§ **YOUR INSTRUCTIONS**: Only the lines from the one with "FREE Editable Finding" to the end of the data, both ends included, should be output, exactly as they stand and without pictures.

§ **RECORDED DATA**:
╔══

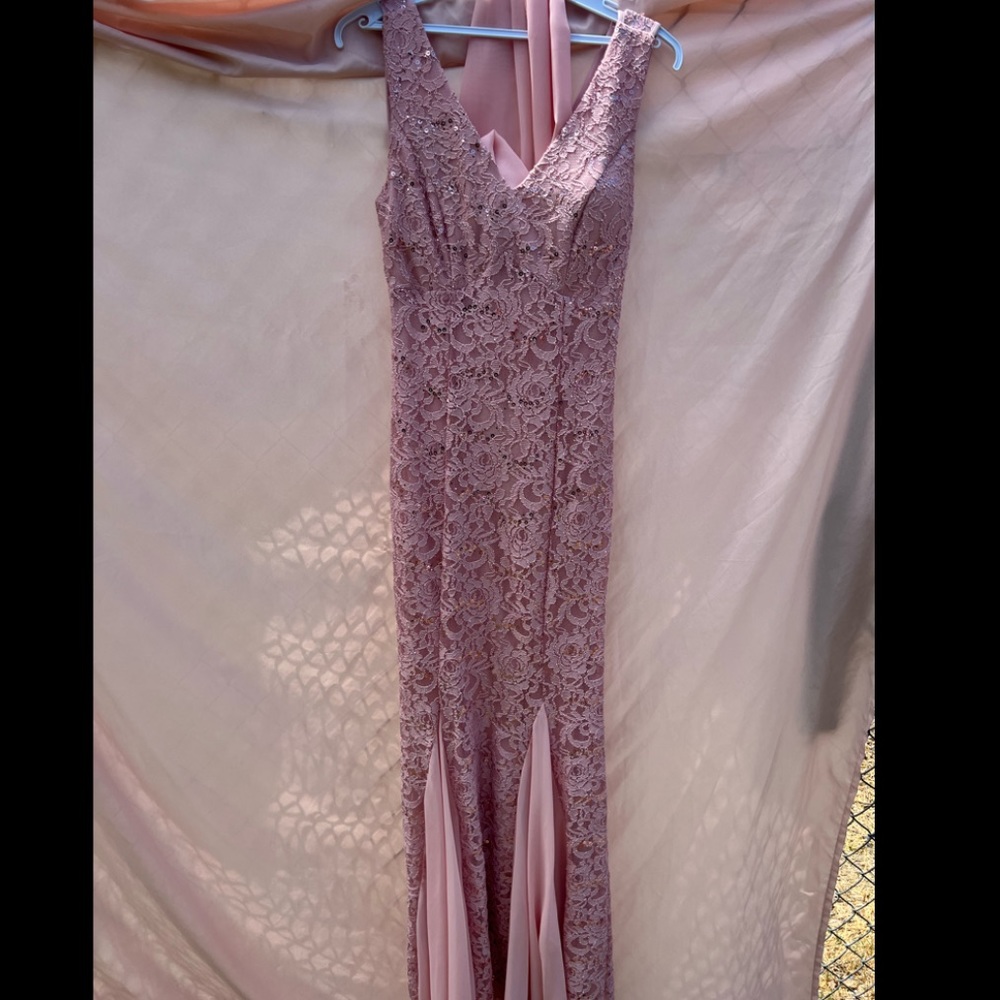 Pink lace dress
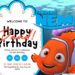FREE Editable Finding Nemo Birthday Invitation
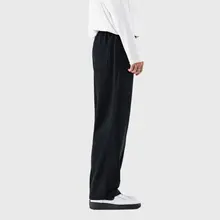 スウェットパンツ メンズ ブラック ストレート ルーズ ドレープ アメカジ スポーツ 秋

╚══

§ **ANSWER**:
FREE Editable Finding Nemo Birthday Invitation
 スウェットパンツ メンズ ブラック ストレート ルーズ ドレープ アメカジ スポーツ 秋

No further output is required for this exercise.